PROBLEM REQUIREMENTS: When you reach the line that contains "Hello friends, my", begin copying exactly and continue through the last line below. Do not copy pictures.

INFORMATION SHOWN:
○ ○ ○

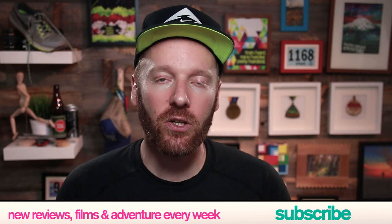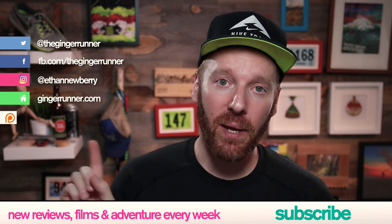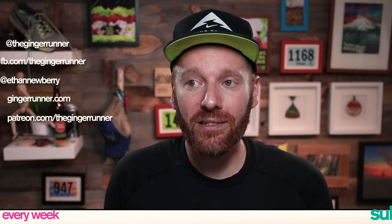That's it for today's review of the Kiger 4. Don't forget I also have a review of the Wild Horse 4 — link in the description. If you want to get a pair for yourself, I have links in the description to Running Warehouse with a discount code. Let me know in the comments if you've tried the Kiger 4 or Wild Horse 4. If you enjoyed this, like, favorite, and subscribe — new videos twice a week. You can support the channel at patreon.com/thegingerrunner for as little as a buck a month. Train hard, race harder, party hardest — see you next week!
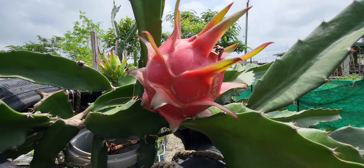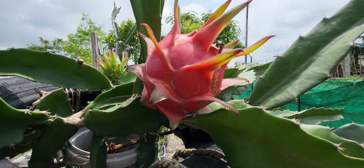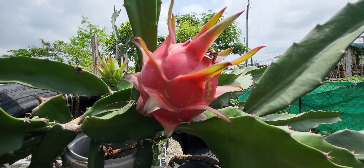Hello friends, my name is King's Garden, welcome to King's Garden. Today I'm going to show you my first lot of dragon fruit.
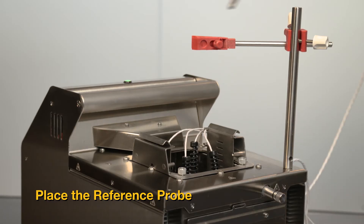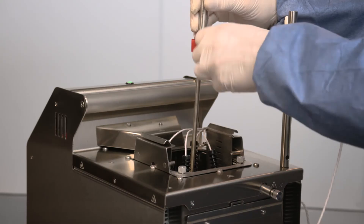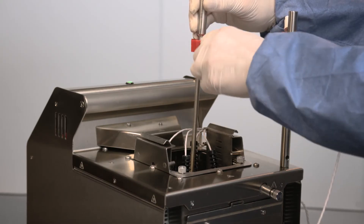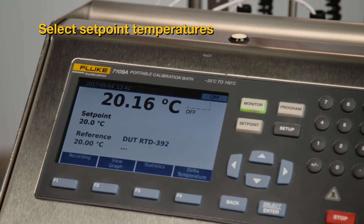Place the reference probe in the center of the working area. The optional single probe clamp kit can be used to hold the reference probe in the optimum position. On the control display, push the program button.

○ ○ ○

RESULT:
Hello friends, my name is King's Garden, welcome to King's Garden. Today I'm going to show you my first lot of dragon fruit.
Place the reference probe in the center of the working area. The optional single probe clamp kit can be used to hold the reference probe in the optimum position. On the control display, push the program button.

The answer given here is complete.